Quand on pense à l'âge d'or de la bande dessinée, ce sont les grand noms francos-berlges qui nous viennent en tête, tels que Franquin, Hergé et compagnie; en amérique, on pense aux comic books, avec les super-héros qu'on connaît tous; mais dernièrement, un nouveau genre est apparu est s'est multiplié à une vitesse incomparable, surtout en France, depuis le milieu des années 90; il s'agit du courant de l'auto-biographie et de l'auto-fiction.

La bande dessinée n'a pas inventé le genre de l'auto-biographie, on le rencontrait déjà abondamment dans la littérature; Jean-Jacques Rousseau, Jean-Paul Sartre, Marguerite Duras, et aujourd'hui plus près de nous, Nelly Arcand, ce sont tous là des personnages qui ont touché à l'auto-biographie ou à l'auto-fiction. La parole autobiographique, d'ailleurs, est souvent considérée (comme dans l'art contemporain) un reflet direct de notre période post-moderne. La bande dessinée étant un médium beaucoup plus récent que la littérature, on peut dire que l'auto-biographie en bande dessinée est un phénomène relativement récent. On pourrait résumer l'autobiographie à ceci: c'est lorsque le personnage, le narrateur et l'auteur de l'histoire ne forment qu'une seule et même personne.

L'autobiographie en bande dessinée rend aussi compte d'un phénomène de synthèse de la création. Dans un domaine où le métier de scénariste était séparé de celui de dessinateur, l'auteur de l'auto-biographie est maintenant maître absolu de son "art total". On verrait mal, en effet, de voir l'autobiographie d'un auteur dessinée par quelqu'un d'autre que lui-même. Ce tendence vient du fait que le public (surtout européen) ne se contente plus d'une belle apparence en BD: le scénario, de plus en plus, prime sur la qualité du dessin (certains cas restent bien scindé: on pense au célèbre duo "dupuys-Berbérian", auteurs de la série "monsieur Jean", et de "journal d'un album", bd autobiographique). C'est un signe de la maturité du genre. D'ailleurs, un des stéréotypes de l'autobiographie en BD est que si l'auteur raconte sa vie de façon narcissique, ce sera de la mauvaise bande dessinée; plus elle tend à faire le portrait de l'auteur comme d'un looser, comme d'un névrosé ou un personnage ayant de grandes tares psychologiques, plus le récit aura tendence à se développer de façon intyrospective, plus la psychologie du personnage appelera à la sensibilité du lecteur.

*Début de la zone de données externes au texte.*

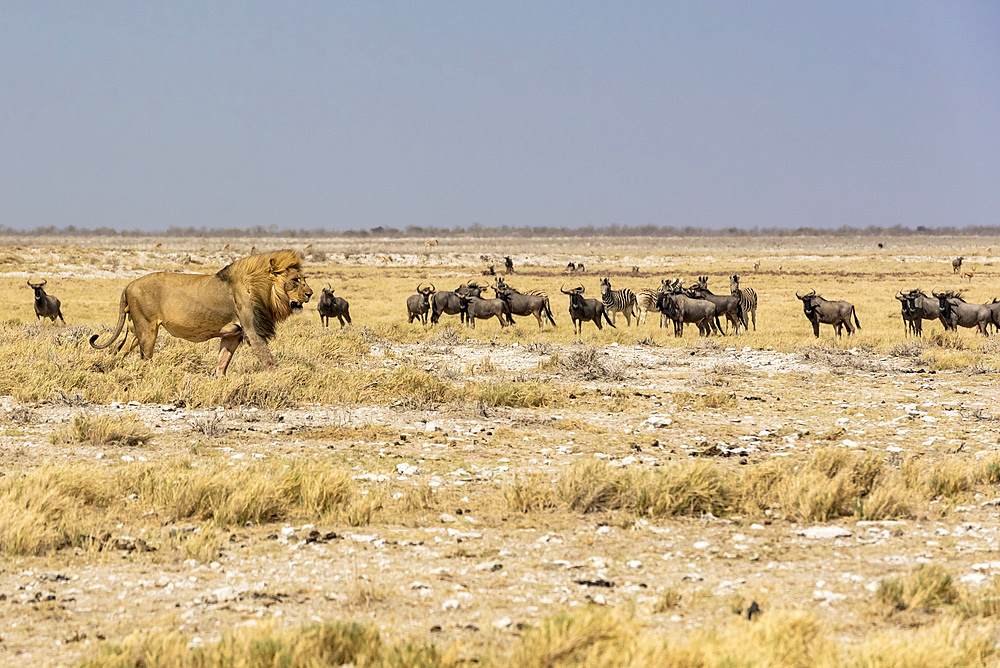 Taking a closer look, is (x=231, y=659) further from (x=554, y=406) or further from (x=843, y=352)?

En fait, le courant semble plutôt venir des bandes dessinées underground des états-unis, dans les années 70. Quelques noms importants: Robert Crumb, un très grand personnage de la BD underground, qui a publié dans les années 70 quelques BD auto-biographiques commes "mes femmes", Harvey Pekar, l'auteur de American splendor, une bande dessinée auto-biographique qui a été portée au grand écran, semble-t-il, Will Eisner, qui a créé "voyage au coeur de la tempête", et un des seuls à avoir écrit un vrai ouvrage sur la bande dessinée (autre que Scott McLoud - mais il est à noterque Scott McLoud lui-même rend un grand hommage à Will Eisner dans son traité sur la bande dessinée). Le genre a aussi touché le canada, un peu plus tard dans les années 80 et 90 (on pense au trio Chester Brown, Seth et Joe Matt - mais j'y reviendrai, inquiétez-vous pas). Ces BD sont directement issues de la veine underground des états-unis; c'est pouruqoi les thématiques touchent beaucoup celle de la sexualité, voire même de la perversion.

(petit parenthèse: c'est sûr qu'on pourrait dire que l'auto-fiction en bande dessinée est arrivée bien avant les années 70; certains vont même jusqu'à dire que des albums comme "tintin au tibet" de Hergé s'inscrit dans ce courant.)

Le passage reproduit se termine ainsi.